Raduna molti servizi giÓ noti e stimola le organizzazioni non profit ad utilizzare il network di BigG, anche per raccogliere fondi

Roma - Si chiama Google for non-profits ed è l'ultima trovata di BigG per ottenere l'attenzione di quella miriade di organizzazioni senza scopo di lucro che si organizzano e sviluppano le proprie attività anche grazie alla rete.

"Voi state cambiando il mondo, noi vorremmo aiutare. Imparate ad usare liberamente i tool gratuiti di Google per promuovere il vostro lavoro, raccogliere donazioni ed operare in modo più efficiente". Si presenta con queste parole il sito, un portale nel senso letterale del termine, perché dà accesso diretto a tutto quello che va da Gmail a Google Docs passando per Groups, Calendar o YouTube.

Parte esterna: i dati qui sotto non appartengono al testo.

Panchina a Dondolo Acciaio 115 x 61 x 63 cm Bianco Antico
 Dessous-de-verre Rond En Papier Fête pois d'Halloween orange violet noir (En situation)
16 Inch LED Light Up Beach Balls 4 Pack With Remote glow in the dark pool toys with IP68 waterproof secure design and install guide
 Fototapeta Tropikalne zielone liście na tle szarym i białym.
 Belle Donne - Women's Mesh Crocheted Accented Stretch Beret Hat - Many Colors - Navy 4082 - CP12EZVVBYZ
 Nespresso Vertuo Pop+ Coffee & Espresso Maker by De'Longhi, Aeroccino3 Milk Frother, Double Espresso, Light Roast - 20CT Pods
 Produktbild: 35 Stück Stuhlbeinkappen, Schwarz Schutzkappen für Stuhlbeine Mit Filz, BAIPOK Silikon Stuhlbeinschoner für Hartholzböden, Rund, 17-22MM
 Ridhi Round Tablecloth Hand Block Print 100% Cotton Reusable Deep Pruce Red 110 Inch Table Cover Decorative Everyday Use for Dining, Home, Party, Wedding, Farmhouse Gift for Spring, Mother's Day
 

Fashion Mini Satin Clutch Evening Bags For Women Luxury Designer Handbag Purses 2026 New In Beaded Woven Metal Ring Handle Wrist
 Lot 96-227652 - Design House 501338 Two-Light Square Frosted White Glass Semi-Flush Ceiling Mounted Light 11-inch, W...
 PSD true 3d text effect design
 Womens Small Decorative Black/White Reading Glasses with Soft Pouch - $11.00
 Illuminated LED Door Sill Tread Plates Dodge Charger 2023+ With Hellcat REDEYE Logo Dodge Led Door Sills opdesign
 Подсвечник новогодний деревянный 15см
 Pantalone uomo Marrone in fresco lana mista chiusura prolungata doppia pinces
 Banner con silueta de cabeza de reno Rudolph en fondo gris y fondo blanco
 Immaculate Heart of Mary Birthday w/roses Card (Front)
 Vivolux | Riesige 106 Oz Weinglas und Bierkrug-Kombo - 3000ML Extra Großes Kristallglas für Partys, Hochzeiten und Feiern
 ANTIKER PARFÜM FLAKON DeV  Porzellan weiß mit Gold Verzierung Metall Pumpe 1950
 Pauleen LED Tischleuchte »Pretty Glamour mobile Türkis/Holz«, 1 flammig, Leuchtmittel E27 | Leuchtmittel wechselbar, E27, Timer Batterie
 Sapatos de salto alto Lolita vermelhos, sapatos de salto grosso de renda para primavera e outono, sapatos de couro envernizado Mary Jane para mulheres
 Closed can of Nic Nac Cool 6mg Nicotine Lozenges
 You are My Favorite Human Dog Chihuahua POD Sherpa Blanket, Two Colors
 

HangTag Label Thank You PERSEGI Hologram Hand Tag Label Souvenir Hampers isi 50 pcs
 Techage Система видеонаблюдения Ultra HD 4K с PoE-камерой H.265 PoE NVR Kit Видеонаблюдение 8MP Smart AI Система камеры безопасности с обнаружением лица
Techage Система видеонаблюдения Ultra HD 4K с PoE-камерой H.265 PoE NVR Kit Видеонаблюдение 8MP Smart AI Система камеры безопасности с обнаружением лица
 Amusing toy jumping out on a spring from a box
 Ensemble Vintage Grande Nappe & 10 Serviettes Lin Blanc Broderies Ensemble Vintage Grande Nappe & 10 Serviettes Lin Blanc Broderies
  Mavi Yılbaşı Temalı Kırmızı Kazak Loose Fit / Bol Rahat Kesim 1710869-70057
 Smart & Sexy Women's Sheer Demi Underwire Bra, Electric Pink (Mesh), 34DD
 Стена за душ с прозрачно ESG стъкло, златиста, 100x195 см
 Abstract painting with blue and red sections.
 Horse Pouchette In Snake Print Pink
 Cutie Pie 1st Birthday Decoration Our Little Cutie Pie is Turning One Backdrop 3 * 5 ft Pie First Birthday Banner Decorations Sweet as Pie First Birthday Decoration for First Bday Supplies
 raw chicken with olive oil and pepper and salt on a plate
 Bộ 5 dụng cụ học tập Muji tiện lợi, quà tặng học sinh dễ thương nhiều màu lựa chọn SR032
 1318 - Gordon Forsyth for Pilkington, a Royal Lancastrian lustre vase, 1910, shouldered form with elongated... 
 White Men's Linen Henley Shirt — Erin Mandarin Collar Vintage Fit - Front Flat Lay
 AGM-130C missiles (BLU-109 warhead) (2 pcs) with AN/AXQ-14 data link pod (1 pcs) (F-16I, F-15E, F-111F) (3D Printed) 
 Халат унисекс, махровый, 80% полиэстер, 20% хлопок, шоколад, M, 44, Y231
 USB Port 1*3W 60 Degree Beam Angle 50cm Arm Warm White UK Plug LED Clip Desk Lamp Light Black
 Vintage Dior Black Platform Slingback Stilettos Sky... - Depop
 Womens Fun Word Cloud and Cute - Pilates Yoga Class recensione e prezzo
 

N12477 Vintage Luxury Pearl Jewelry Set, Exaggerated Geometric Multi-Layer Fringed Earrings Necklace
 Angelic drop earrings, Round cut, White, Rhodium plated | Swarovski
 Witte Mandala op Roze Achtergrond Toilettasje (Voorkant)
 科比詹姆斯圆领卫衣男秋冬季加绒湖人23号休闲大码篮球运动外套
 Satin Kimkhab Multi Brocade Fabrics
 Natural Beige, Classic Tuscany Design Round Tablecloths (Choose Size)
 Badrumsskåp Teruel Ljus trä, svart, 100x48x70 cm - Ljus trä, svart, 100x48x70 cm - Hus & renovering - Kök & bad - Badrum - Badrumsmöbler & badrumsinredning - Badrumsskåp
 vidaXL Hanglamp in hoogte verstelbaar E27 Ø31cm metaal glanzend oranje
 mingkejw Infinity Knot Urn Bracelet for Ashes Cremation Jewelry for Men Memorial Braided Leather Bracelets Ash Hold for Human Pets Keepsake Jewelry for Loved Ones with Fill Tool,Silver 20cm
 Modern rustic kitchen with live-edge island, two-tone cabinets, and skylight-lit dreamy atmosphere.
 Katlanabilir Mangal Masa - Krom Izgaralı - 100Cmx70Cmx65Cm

I tool più interessanti per le organizzazioni non profit sono però Google Checkout e Google Grants.
Il primo è un modo per agevolare la donazione via Internet sui siti delle associazioni coinvolte, alla stregua di PayPal e di altri sistemi transattivi, mentre il secondo è un modo per sfruttare gli spazi di promozione gratuita che il circuito AdSense di Google dedica espressamente al non profit.